At least according to Jeff Day, who'd started crying like a baby the minute the cops arrived, then spilled his guts like a squashed caterpillar.

"Mark's biggest mistake," I went on, "was enlisting the help of someone like Jeff Day in getting him out of his little jam. I mean, on the one hand, it makes sense, since Jeff is used to taking direction from Mark, on account of Mark being the team quarterback and all. But Jeff needs a lot of direction. He was always coming up to Mark and asking him what to do … especially right before the first class of the day, homeroom."

"Where Mark sat in front of me," Claire said. She was taking her role as victim very seriously, and waved her arm, the one with the IV in it, as much as possible, to bring attention to her infirmity. "So of course this morning, when he and Jeff were whispering before the bell rang, something about the way they looked … so sneaky . . . triggered something. I just knew. I can't say how I knew. I just put two and two together. But you can't go to the police, you know, with a hunch. But I figured I could go to Jess—"

"But when she tried," I said, "Mark caught her. And she was so startled—"

"I ran," Claire said gravely. "Like a startled fawn."

I wasn't so sure about the fawn part.
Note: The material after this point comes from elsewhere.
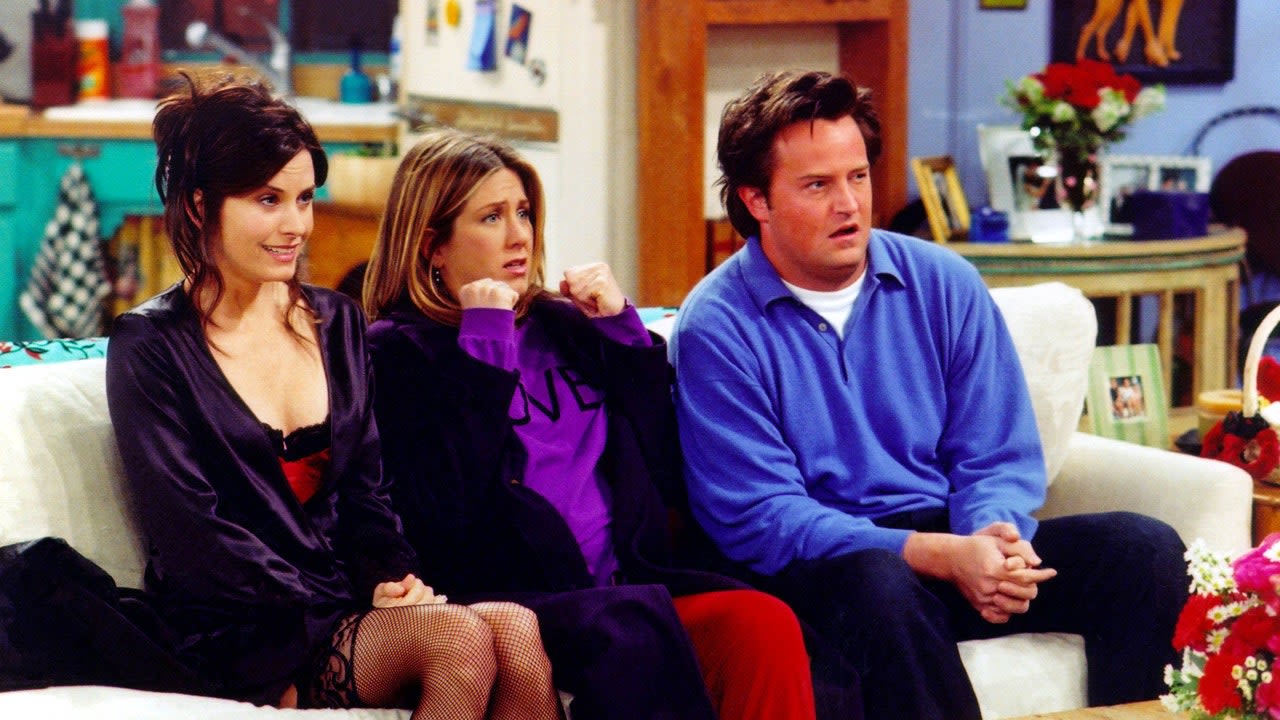 'Friends' star Jennifer Aniston breaks down in tears talking about hit show after Matthew Perry's death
Claire was kind of tall for a fawn. A gazelle, maybe.

"But Mark went around the side of the building," I said, "and caught up with her, and—"

"—hit me right back here," Claire said, touching the back of her head, "with something heavy. And when I woke up again, I was in his trunk."

"My guess is he was going to take her to the house on the pit road," I said, "and do to her what he'd done to Amber...."

"So what," Ruth asked, "is going to happen? To Mark, I mean?"

"Well," I said. "With the help of Jeff's testimony—which I'm sure he'll give in exchange for a reduced sentence for his part in the whole thing—Mark's going to prison. For a long time."

Which was really going to mess up his plan for getting drafted right out of college by the NFL.

Before anyone could say anything in reply to this, Claire's parents, Dr. and Mrs. Lippman, came back into the room.